━━━ Input records

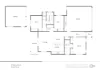 4 Daisy Court, Coral Cove, Qld 4670-Floorplan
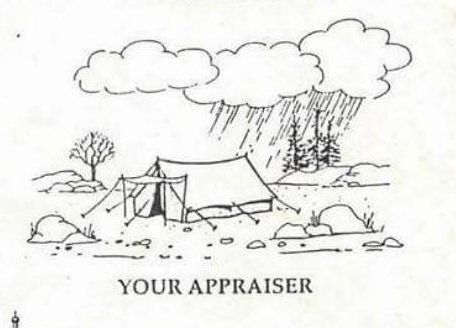 あなたの家は実際どんな風に見えているか04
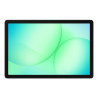 Samsung Galaxy Tab A11+ 5G (11)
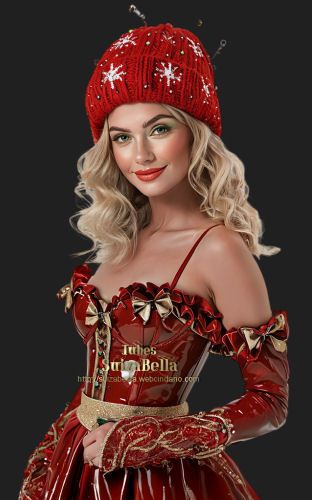 2861a48b-d7c5-4cd1-9c5e-6d67df087a09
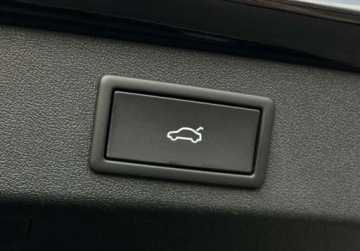 Skoda Kodiaq II SUV 2.0 TDI SCR 193KM 2024 Skoda Kodiaq Selection Pakiety, Hak, CANTON, Kamera, Fotele z pamiecia, A, zdjęcie 10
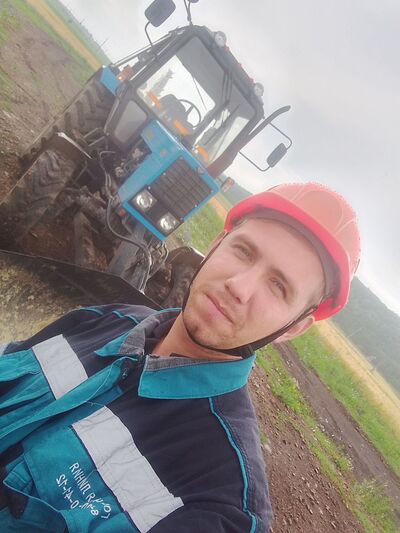  ,   , 29 ,   c 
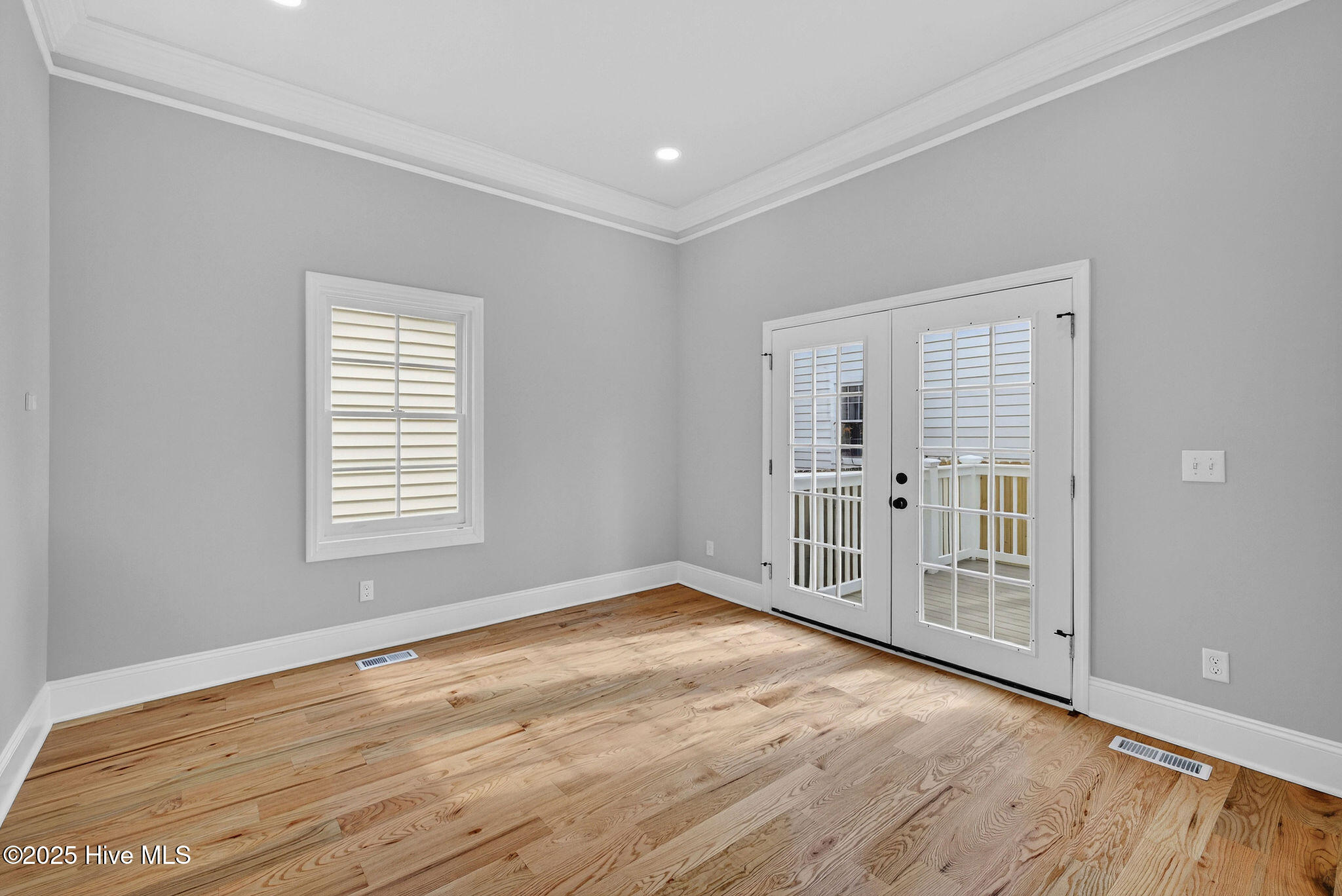 710 Grace Street Street, Wilmington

━━━━━━

What to produce:
Exact copies of the lines from the one containing "Samsung Galaxy Tab A11+ 5G (11)" through the final line of the data are required; pictures are to be omitted.

Result of the task:
 Samsung Galaxy Tab A11+ 5G (11)
 2861a48b-d7c5-4cd1-9c5e-6d67df087a09
 Skoda Kodiaq II SUV 2.0 TDI SCR 193KM 2024 Skoda Kodiaq Selection Pakiety, Hak, CANTON, Kamera, Fotele z pamiecia, A, zdjęcie 10
  ,   , 29 ,   c 
 710 Grace Street Street, Wilmington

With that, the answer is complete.